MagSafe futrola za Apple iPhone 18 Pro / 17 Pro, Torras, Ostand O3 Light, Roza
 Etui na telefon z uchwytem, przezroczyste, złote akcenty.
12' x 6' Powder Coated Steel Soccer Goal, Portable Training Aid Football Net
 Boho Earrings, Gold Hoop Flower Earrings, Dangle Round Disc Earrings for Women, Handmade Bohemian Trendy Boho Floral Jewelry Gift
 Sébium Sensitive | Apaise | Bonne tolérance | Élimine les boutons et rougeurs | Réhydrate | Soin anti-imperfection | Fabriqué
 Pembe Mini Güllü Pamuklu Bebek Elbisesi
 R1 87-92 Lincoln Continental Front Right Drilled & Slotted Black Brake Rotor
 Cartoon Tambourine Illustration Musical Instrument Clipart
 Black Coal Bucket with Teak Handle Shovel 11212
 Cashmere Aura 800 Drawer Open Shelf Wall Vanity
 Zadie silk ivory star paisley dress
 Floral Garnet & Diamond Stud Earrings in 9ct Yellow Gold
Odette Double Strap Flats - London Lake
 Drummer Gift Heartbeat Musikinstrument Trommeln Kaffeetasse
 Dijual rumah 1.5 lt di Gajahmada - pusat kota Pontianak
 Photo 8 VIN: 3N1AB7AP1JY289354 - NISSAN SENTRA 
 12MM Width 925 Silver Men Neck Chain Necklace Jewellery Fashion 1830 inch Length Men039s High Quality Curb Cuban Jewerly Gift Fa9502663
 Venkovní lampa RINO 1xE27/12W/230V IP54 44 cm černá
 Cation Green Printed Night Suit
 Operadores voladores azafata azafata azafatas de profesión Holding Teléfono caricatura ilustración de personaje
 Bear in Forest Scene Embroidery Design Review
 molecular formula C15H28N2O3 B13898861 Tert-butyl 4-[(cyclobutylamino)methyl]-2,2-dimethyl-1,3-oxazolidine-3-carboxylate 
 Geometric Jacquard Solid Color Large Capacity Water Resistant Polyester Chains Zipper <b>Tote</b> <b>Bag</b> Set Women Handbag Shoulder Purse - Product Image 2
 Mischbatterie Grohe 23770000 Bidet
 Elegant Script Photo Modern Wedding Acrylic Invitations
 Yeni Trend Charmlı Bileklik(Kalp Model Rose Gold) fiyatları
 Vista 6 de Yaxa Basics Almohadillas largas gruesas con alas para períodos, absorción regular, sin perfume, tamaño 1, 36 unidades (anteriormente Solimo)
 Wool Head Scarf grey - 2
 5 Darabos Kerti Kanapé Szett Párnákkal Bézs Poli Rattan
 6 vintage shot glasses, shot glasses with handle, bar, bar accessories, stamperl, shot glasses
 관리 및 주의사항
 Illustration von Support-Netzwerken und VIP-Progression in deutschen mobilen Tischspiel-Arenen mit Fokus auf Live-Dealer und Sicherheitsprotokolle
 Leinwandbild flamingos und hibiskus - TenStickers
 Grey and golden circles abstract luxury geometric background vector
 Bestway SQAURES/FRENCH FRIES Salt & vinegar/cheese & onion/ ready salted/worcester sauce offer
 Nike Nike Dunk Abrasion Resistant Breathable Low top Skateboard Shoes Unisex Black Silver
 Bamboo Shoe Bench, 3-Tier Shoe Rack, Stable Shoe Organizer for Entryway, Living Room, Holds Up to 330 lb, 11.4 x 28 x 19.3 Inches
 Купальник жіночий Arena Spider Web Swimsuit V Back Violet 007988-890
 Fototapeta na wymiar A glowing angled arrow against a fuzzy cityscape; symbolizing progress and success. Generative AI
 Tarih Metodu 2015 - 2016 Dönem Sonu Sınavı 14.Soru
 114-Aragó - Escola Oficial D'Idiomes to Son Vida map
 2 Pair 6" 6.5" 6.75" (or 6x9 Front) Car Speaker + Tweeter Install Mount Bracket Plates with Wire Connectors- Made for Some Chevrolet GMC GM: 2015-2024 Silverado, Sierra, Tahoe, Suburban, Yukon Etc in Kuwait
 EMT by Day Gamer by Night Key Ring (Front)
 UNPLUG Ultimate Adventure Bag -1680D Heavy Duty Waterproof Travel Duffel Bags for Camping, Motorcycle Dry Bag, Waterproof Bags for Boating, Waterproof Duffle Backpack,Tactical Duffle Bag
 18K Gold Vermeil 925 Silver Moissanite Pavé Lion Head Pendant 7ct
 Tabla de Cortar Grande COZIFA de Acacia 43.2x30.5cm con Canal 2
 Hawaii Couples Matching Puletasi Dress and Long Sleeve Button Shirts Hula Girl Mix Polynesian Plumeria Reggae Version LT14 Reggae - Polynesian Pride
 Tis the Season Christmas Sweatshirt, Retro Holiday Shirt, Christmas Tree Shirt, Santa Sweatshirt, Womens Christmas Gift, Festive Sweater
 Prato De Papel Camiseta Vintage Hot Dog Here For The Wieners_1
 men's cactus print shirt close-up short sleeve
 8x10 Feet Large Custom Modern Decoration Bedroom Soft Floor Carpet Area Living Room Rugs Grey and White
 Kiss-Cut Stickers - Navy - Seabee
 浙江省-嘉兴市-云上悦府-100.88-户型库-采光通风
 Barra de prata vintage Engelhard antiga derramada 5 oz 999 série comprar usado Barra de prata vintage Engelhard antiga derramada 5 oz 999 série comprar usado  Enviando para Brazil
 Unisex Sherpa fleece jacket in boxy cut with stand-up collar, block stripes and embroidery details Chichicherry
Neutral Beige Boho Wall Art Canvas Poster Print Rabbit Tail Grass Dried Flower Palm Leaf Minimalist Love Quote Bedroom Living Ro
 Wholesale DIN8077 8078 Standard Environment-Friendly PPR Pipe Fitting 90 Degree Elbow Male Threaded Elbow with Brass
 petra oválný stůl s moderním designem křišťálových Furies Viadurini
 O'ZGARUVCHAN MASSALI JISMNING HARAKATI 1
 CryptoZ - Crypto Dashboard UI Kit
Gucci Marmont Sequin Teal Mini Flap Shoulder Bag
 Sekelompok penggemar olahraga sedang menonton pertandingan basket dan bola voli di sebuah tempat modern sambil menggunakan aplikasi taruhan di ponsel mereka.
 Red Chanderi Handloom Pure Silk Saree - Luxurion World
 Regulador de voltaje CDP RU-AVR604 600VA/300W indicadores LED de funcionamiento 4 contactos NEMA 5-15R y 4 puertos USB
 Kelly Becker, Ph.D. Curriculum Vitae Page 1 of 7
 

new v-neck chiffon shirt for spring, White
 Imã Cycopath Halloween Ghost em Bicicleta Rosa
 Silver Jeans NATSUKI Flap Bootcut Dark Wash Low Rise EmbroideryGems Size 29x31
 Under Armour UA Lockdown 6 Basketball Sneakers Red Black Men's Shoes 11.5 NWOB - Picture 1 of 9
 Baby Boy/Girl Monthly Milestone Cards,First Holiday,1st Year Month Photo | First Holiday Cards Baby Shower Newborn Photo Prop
|---|
Copy out all the entries shown above, character for character.

MagSafe futrola za Apple iPhone 18 Pro / 17 Pro, Torras, Ostand O3 Light, Roza
 Etui na telefon z uchwytem, przezroczyste, złote akcenty.
12' x 6' Powder Coated Steel Soccer Goal, Portable Training Aid Football Net
 Boho Earrings, Gold Hoop Flower Earrings, Dangle Round Disc Earrings for Women, Handmade Bohemian Trendy Boho Floral Jewelry Gift
 Sébium Sensitive | Apaise | Bonne tolérance | Élimine les boutons et rougeurs | Réhydrate | Soin anti-imperfection | Fabriqué
 Pembe Mini Güllü Pamuklu Bebek Elbisesi
 R1 87-92 Lincoln Continental Front Right Drilled & Slotted Black Brake Rotor
 Cartoon Tambourine Illustration Musical Instrument Clipart
 Black Coal Bucket with Teak Handle Shovel 11212
 Cashmere Aura 800 Drawer Open Shelf Wall Vanity
 Zadie silk ivory star paisley dress
 Floral Garnet & Diamond Stud Earrings in 9ct Yellow Gold
Odette Double Strap Flats - London Lake
 Drummer Gift Heartbeat Musikinstrument Trommeln Kaffeetasse
 Dijual rumah 1.5 lt di Gajahmada - pusat kota Pontianak
 Photo 8 VIN: 3N1AB7AP1JY289354 - NISSAN SENTRA 
 12MM Width 925 Silver Men Neck Chain Necklace Jewellery Fashion 1830 inch Length Men039s High Quality Curb Cuban Jewerly Gift Fa9502663
 Venkovní lampa RINO 1xE27/12W/230V IP54 44 cm černá
 Cation Green Printed Night Suit
 Operadores voladores azafata azafata azafatas de profesión Holding Teléfono caricatura ilustración de personaje
 Bear in Forest Scene Embroidery Design Review
 molecular formula C15H28N2O3 B13898861 Tert-butyl 4-[(cyclobutylamino)methyl]-2,2-dimethyl-1,3-oxazolidine-3-carboxylate 
 Geometric Jacquard Solid Color Large Capacity Water Resistant Polyester Chains Zipper <b>Tote</b> <b>Bag</b> Set Women Handbag Shoulder Purse - Product Image 2
 Mischbatterie Grohe 23770000 Bidet
 Elegant Script Photo Modern Wedding Acrylic Invitations
 Yeni Trend Charmlı Bileklik(Kalp Model Rose Gold) fiyatları
 Vista 6 de Yaxa Basics Almohadillas largas gruesas con alas para períodos, absorción regular, sin perfume, tamaño 1, 36 unidades (anteriormente Solimo)
 Wool Head Scarf grey - 2
 5 Darabos Kerti Kanapé Szett Párnákkal Bézs Poli Rattan
 6 vintage shot glasses, shot glasses with handle, bar, bar accessories, stamperl, shot glasses
 관리 및 주의사항
 Illustration von Support-Netzwerken und VIP-Progression in deutschen mobilen Tischspiel-Arenen mit Fokus auf Live-Dealer und Sicherheitsprotokolle
 Leinwandbild flamingos und hibiskus - TenStickers
 Grey and golden circles abstract luxury geometric background vector
 Bestway SQAURES/FRENCH FRIES Salt & vinegar/cheese & onion/ ready salted/worcester sauce offer
 Nike Nike Dunk Abrasion Resistant Breathable Low top Skateboard Shoes Unisex Black Silver
 Bamboo Shoe Bench, 3-Tier Shoe Rack, Stable Shoe Organizer for Entryway, Living Room, Holds Up to 330 lb, 11.4 x 28 x 19.3 Inches
 Купальник жіночий Arena Spider Web Swimsuit V Back Violet 007988-890
 Fototapeta na wymiar A glowing angled arrow against a fuzzy cityscape; symbolizing progress and success. Generative AI
 Tarih Metodu 2015 - 2016 Dönem Sonu Sınavı 14.Soru
 114-Aragó - Escola Oficial D'Idiomes to Son Vida map
 2 Pair 6" 6.5" 6.75" (or 6x9 Front) Car Speaker + Tweeter Install Mount Bracket Plates with Wire Connectors- Made for Some Chevrolet GMC GM: 2015-2024 Silverado, Sierra, Tahoe, Suburban, Yukon Etc in Kuwait
 EMT by Day Gamer by Night Key Ring (Front)
 UNPLUG Ultimate Adventure Bag -1680D Heavy Duty Waterproof Travel Duffel Bags for Camping, Motorcycle Dry Bag, Waterproof Bags for Boating, Waterproof Duffle Backpack,Tactical Duffle Bag
 18K Gold Vermeil 925 Silver Moissanite Pavé Lion Head Pendant 7ct
 Tabla de Cortar Grande COZIFA de Acacia 43.2x30.5cm con Canal 2
 Hawaii Couples Matching Puletasi Dress and Long Sleeve Button Shirts Hula Girl Mix Polynesian Plumeria Reggae Version LT14 Reggae - Polynesian Pride
 Tis the Season Christmas Sweatshirt, Retro Holiday Shirt, Christmas Tree Shirt, Santa Sweatshirt, Womens Christmas Gift, Festive Sweater
 Prato De Papel Camiseta Vintage Hot Dog Here For The Wieners_1
 men's cactus print shirt close-up short sleeve
 8x10 Feet Large Custom Modern Decoration Bedroom Soft Floor Carpet Area Living Room Rugs Grey and White
 Kiss-Cut Stickers - Navy - Seabee
 浙江省-嘉兴市-云上悦府-100.88-户型库-采光通风
 Barra de prata vintage Engelhard antiga derramada 5 oz 999 série comprar usado Barra de prata vintage Engelhard antiga derramada 5 oz 999 série comprar usado  Enviando para Brazil
 Unisex Sherpa fleece jacket in boxy cut with stand-up collar, block stripes and embroidery details Chichicherry
Neutral Beige Boho Wall Art Canvas Poster Print Rabbit Tail Grass Dried Flower Palm Leaf Minimalist Love Quote Bedroom Living Ro
 Wholesale DIN8077 8078 Standard Environment-Friendly PPR Pipe Fitting 90 Degree Elbow Male Threaded Elbow with Brass
 petra oválný stůl s moderním designem křišťálových Furies Viadurini
 O'ZGARUVCHAN MASSALI JISMNING HARAKATI 1
 CryptoZ - Crypto Dashboard UI Kit
Gucci Marmont Sequin Teal Mini Flap Shoulder Bag
 Sekelompok penggemar olahraga sedang menonton pertandingan basket dan bola voli di sebuah tempat modern sambil menggunakan aplikasi taruhan di ponsel mereka.
 Red Chanderi Handloom Pure Silk Saree - Luxurion World
 Regulador de voltaje CDP RU-AVR604 600VA/300W indicadores LED de funcionamiento 4 contactos NEMA 5-15R y 4 puertos USB
 Kelly Becker, Ph.D. Curriculum Vitae Page 1 of 7
 

new v-neck chiffon shirt for spring, White
 Imã Cycopath Halloween Ghost em Bicicleta Rosa
 Silver Jeans NATSUKI Flap Bootcut Dark Wash Low Rise EmbroideryGems Size 29x31
 Under Armour UA Lockdown 6 Basketball Sneakers Red Black Men's Shoes 11.5 NWOB - Picture 1 of 9
 Baby Boy/Girl Monthly Milestone Cards,First Holiday,1st Year Month Photo | First Holiday Cards Baby Shower Newborn Photo Prop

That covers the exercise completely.